Here’s the link to the Rubber Onion podcast where Stephen and Rob talk about all the submissions: http://www.rubberonion.com/podcast/battle-talk-june-2016-rubberonion-animation-podcast-142/
While I’ve already heard a few podcasts like this one, I didn’t expect to be as excited as I was. Having someone look at something I drew and then talk about it (and trying to figure out how to pronounce my name) was awesome, and I loved how they picked out and discussed various aspects like colour and background detail.

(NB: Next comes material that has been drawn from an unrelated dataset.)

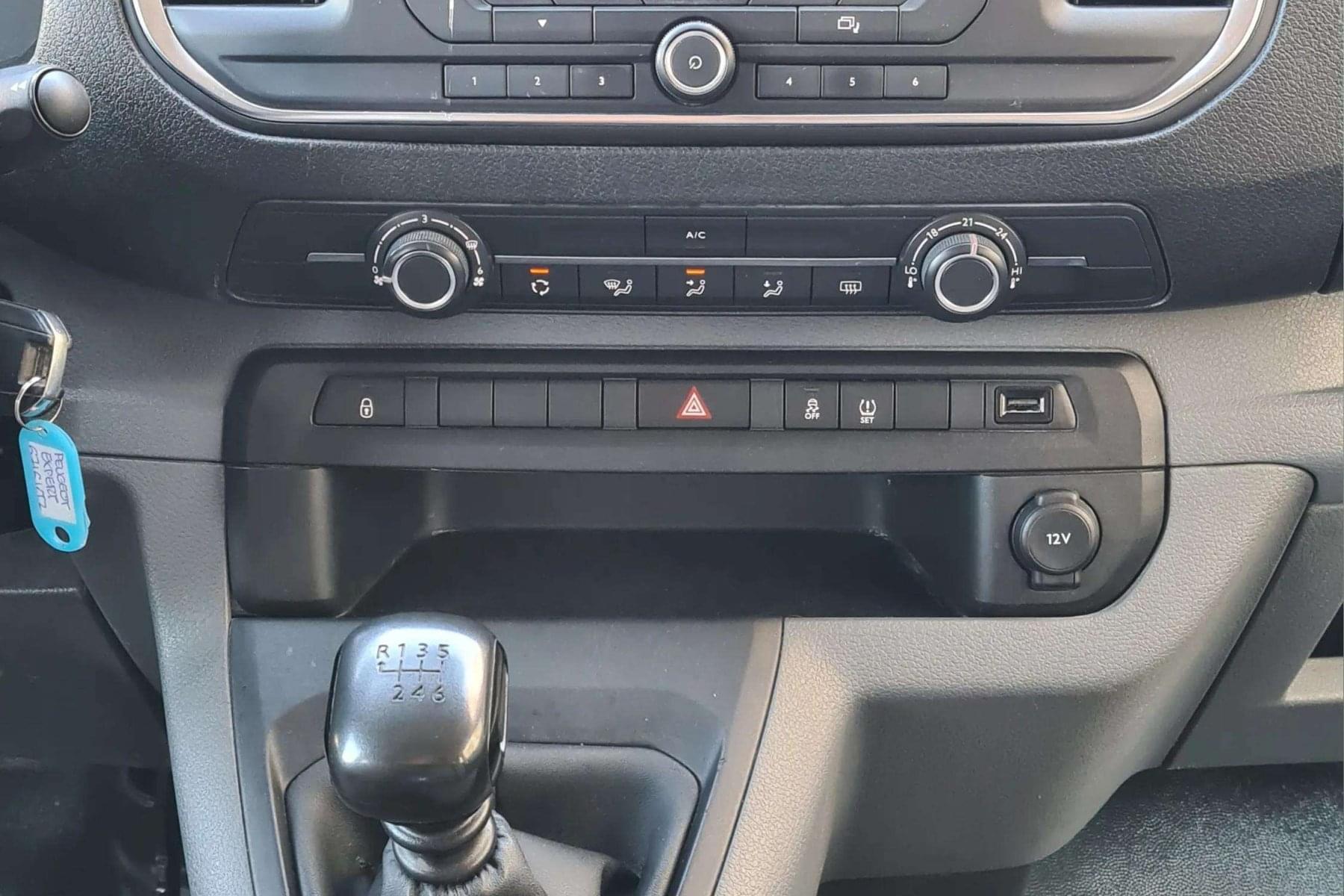 PEUGEOT TRAVELLER EXPERT 1.5 BlueHDI 100cv. 6v. COMPACT. 18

My favourite thing was how they were able to say something positive and constructive about every single entry, and overall podcast episodes like that are great learning experiences for me – not only do I learn quite a bit while creating the animation in the first place, there’s also all the comments and discussions that follow!
I think my June’s entry was heavily influenced by all the kids’ animation I’m subjected to by my daughter, and it showed mostly in my colour choices and outlines. I’m not sure how well the “story” played out, and I don’t like the way it ended up sounding, but overall I’m okay with it: it was my first time animating in Flash, and most of my time and effort was spent battling the program.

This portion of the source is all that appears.